4 years ago · 2b5287c801
parent 4bef186ef5
commit 2b5287c801
2 changed files with 373 additions and 0 deletions
--- a/src/backend/JDSpiders/CaseFan/CaseFan.py
+++ b/src/backend/JDSpiders/CaseFan/CaseFan.py
@ -0,0 +1,357 @@
+'''
+Description: 
+  introduction ：商品介绍的 .json
+  Ptable_params ：规格与包装的 .json
+Author: Fishermanykx
+Date: 2020-12-08 20:45:47
+LastEditors: Fishermanykx
+LastEditTime: 2021-05-28 11:12:00
+'''
+
+import json
+from pprint import pprint
+from selenium.common.exceptions import ElementNotInteractableException
+from selenium.common.exceptions import ElementClickInterceptedException
+from selenium.common.exceptions import NoSuchElementException
+from selenium.webdriver.chrome.options import Options
+from selenium import webdriver
+import time
+import pymysql
+import sqlalchemy
+MYSQL_HOSTS = "127.0.0.1"
+MYSQL_USER = "root"
+MYSQL_PASSWORD = "08239015"
+MYSQL_PORT = 3306
+MYSQL_DB = "computer_accessories"
+
+
+class JDCaseFanSpider:
+
+  def __init__(self):
+    self.delay_time = 0.5  # 休眠时间
+    self.chrome_options = Options()
+    prefs = {"profile.managed_default_content_settings.images": 2}
+    self.chrome_options.add_experimental_option("prefs", prefs)

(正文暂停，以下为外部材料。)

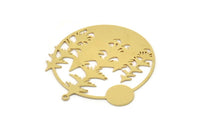 Brass Landscape Charm, 2 Raw Brass Sun And Tree Charms With 1 Loop, Round Charms, Findings (40x38x0.60mm) SMP1063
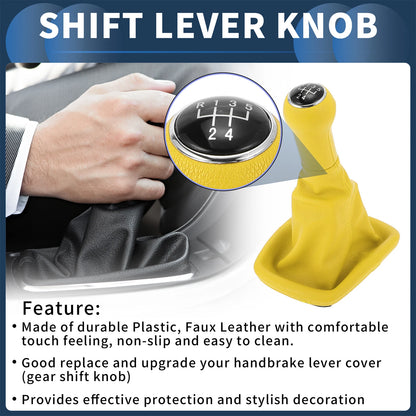 5 Speed Manual Gear Shifter Knob with Cover for VW Bora (1999–2005) Yellow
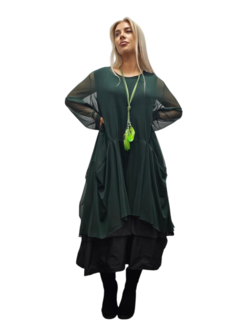 Tuniek/jurk tule donker groen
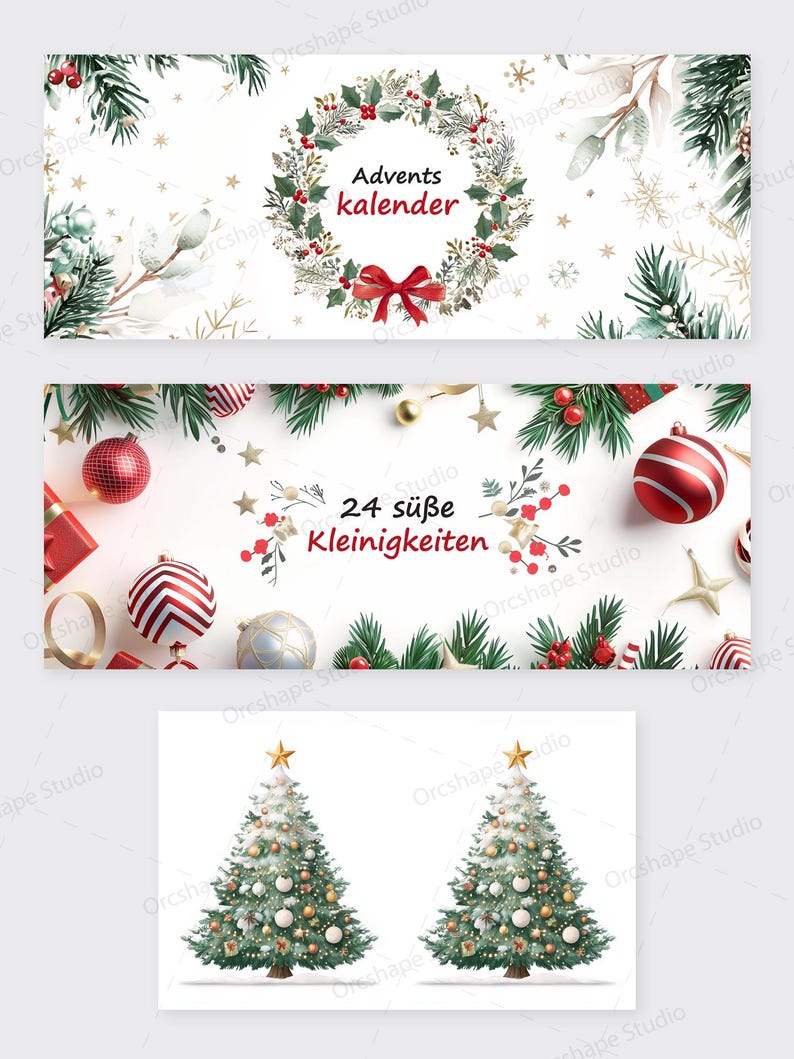 Puede incluir: Tres banners con tem&aacute;tica navide&ntilde;a. El banner superior presenta una corona con el texto "Advents kalender". El banner del medio tiene el texto "24 s&uuml;&szlig;e Kleinigkeiten" con adornos. El banner inferior muestra dos &aacute;rboles de Navidad decorados.
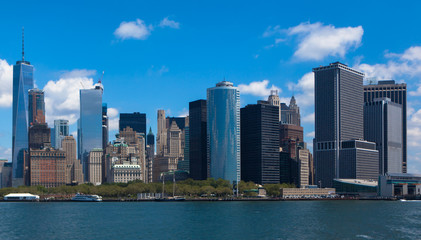 Fototapeta na wymiar The New York City Manhattan Financial District - view from the Staten Island ferry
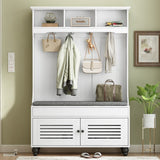 5-in-1 Entryway Bench with Shutter-shaped doors, Coat Rack, Cushion and 4 Sturdy Hooks, 47.2'' W Hall Tree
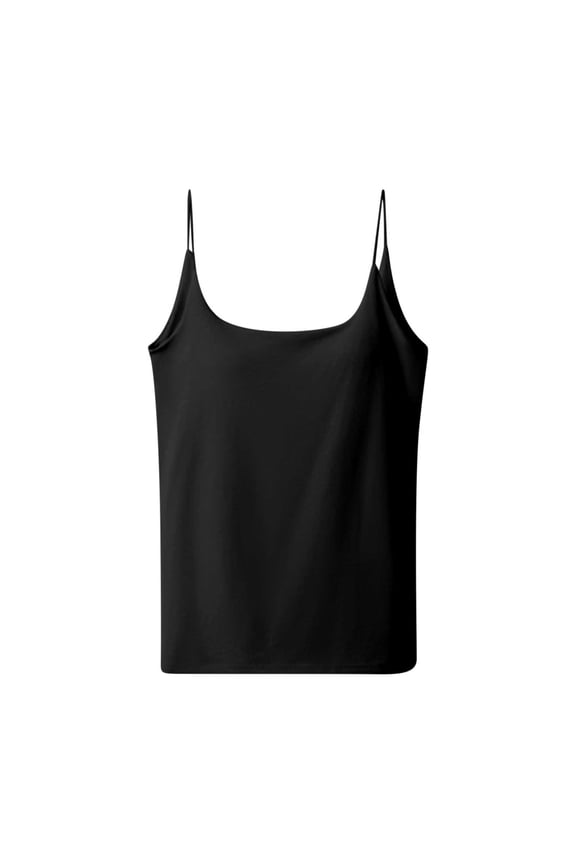 Spaghetti Straps Tank Tops for Women Black Scoop Neck with Built In Bra Support Solid Sleeveless Shirts Casual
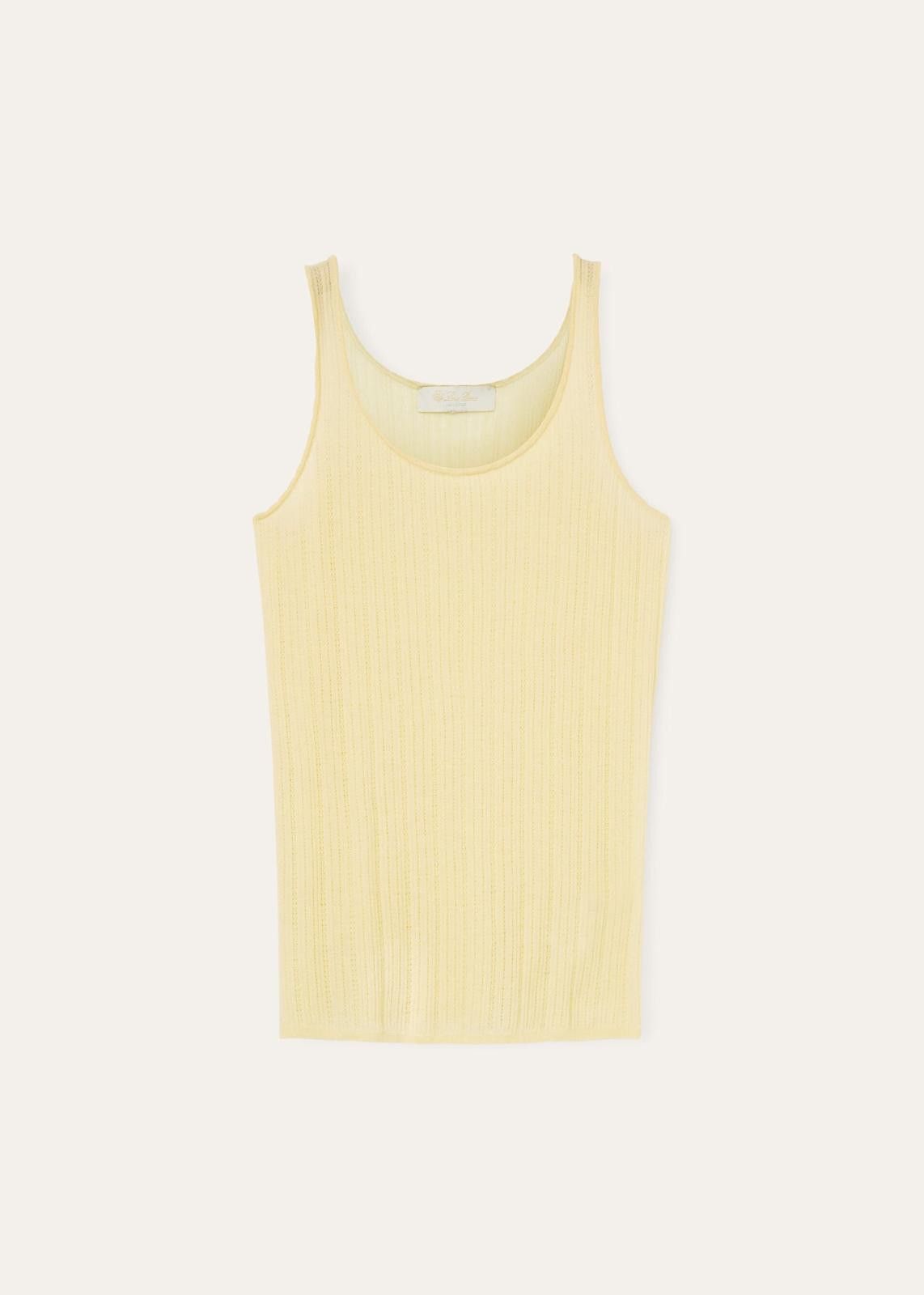 Loro Piana o1srvl11e0425 FAN6382 Cocooning Tank Top in Yellow Size S / US 4 / IT 40 - 1 Thumbnail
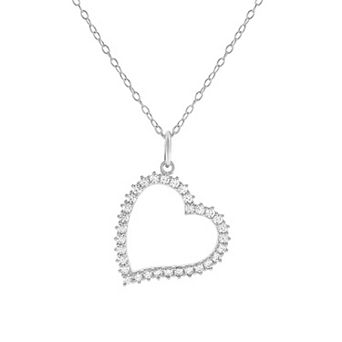 PRIMROSE Sterling Silver Pave Cubic Zirconia Open Heart Pendant Necklace
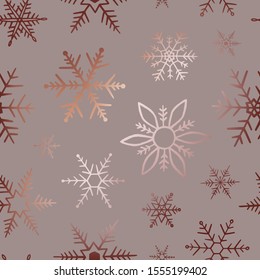 Hand drawn snowflakes. Elegant winter background. Seamless snowflakes wallpaper design pattern. Delicate texture snow backdrop. Exquisite design for, wrapping, wrapper, textile, packaging, paper, scrapbook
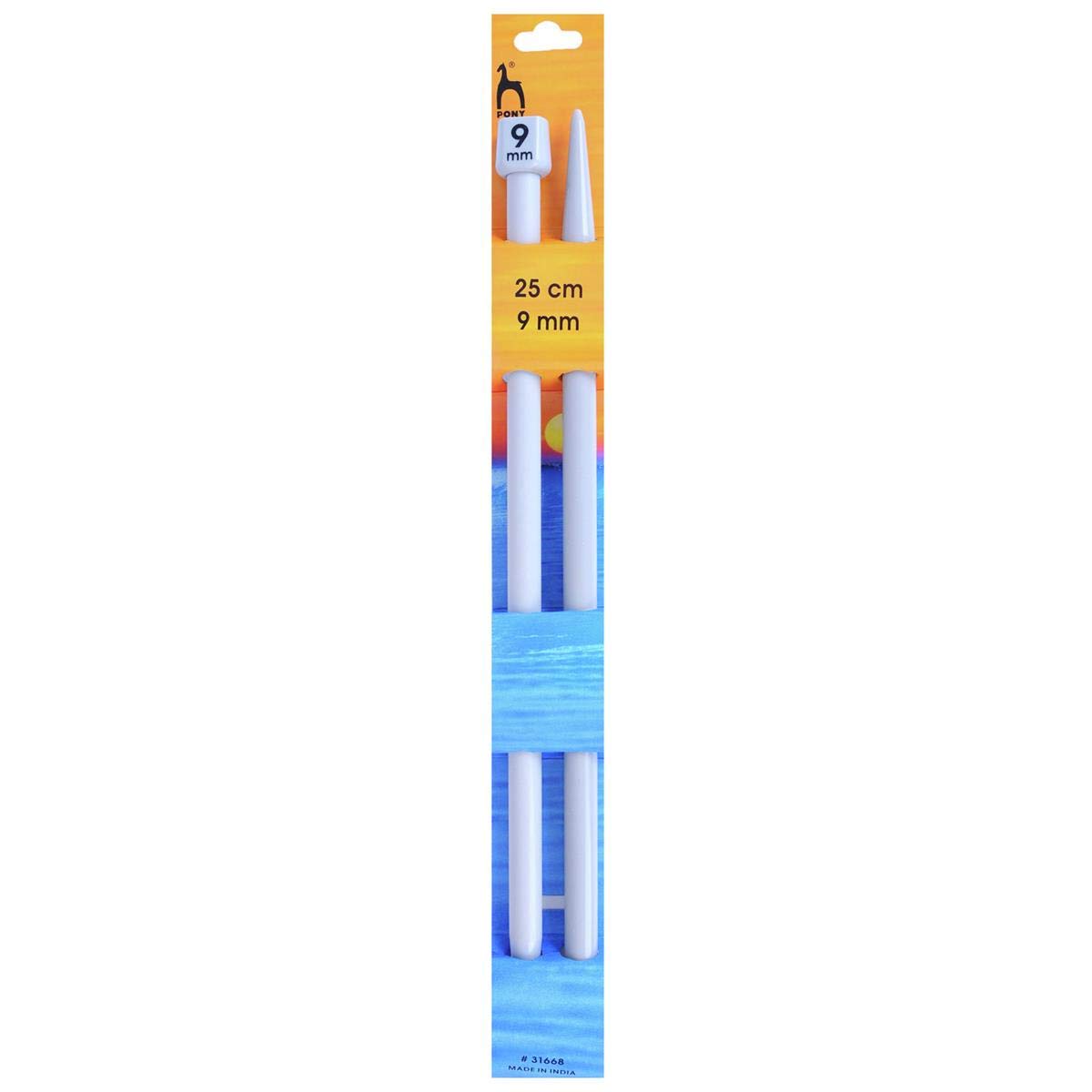 Pony Plastic Knitting Pins/ Knitting Needles 25cm long - 9mm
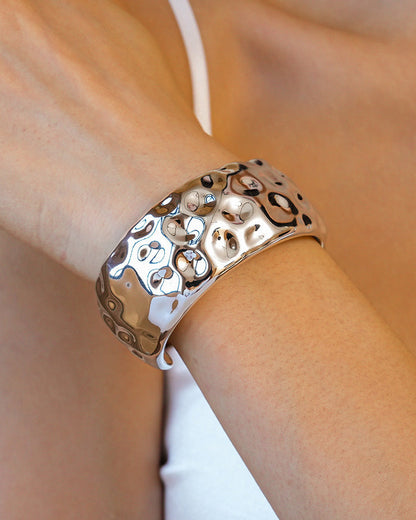 Wide Metal Geometric Bracelet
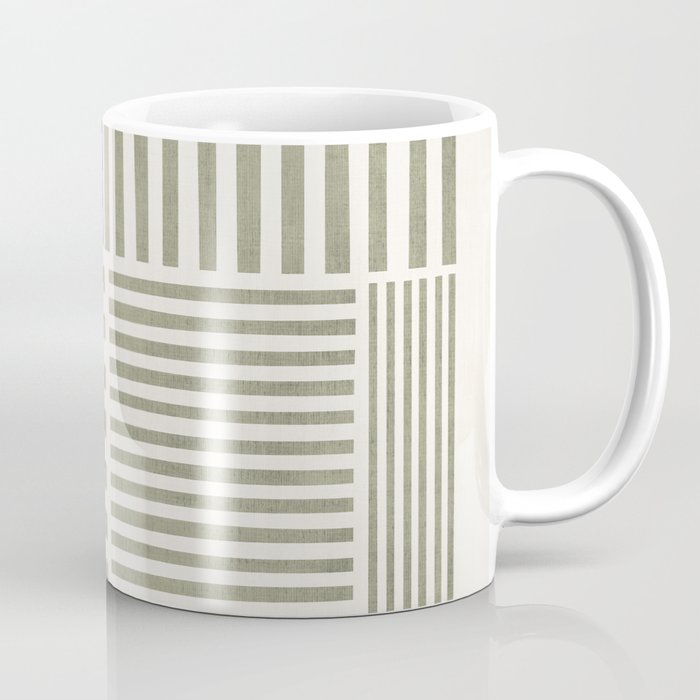 Neutral Green Lines Minimalist Artwork Coffee Mug Gallery Image 1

+    self.driver = webdriver.Chrome(options=self.chrome_options)
+    db = pymysql.connect(
+        host=MYSQL_HOSTS,
+        port=MYSQL_PORT,
+        user=MYSQL_USER,
+        passwd=MYSQL_PASSWORD,
+        db=MYSQL_DB,
+        charset="utf8")
+    # 使用cursor()方法创建一个游标对象cursor
+    cursor = db.cursor()
+    # for data analysis
+    self.valid_urls = []
+
+    query = "truncate table case_fan"
+    cursor.execute(query)
+    db.commit()
+    print("原表已清空")
+    cursor.close()
+    db.close()
+
+  def caseFanSpider(self):
+    start_urls = []
+    url_root = "https://list.jd.com/list.html?cat=670%2C677%2C682&psort=3&ev=3680_1062%5E&psort=3&page="
+    page_num = 17
+    delta_page = 2
+    for i in range(1, page_num + 1):
+      url = url_root + str((i - 1) * delta_page + 1)
+      start_urls.append(url)
+    # print(start_urls)
+    for url in start_urls:
+      self.driver.get(url)
+      time.sleep(self.delay_time)
+      self.driver.execute_script(
+          "window.scrollTo(0, 3 * document.body.scrollHeight / 4);")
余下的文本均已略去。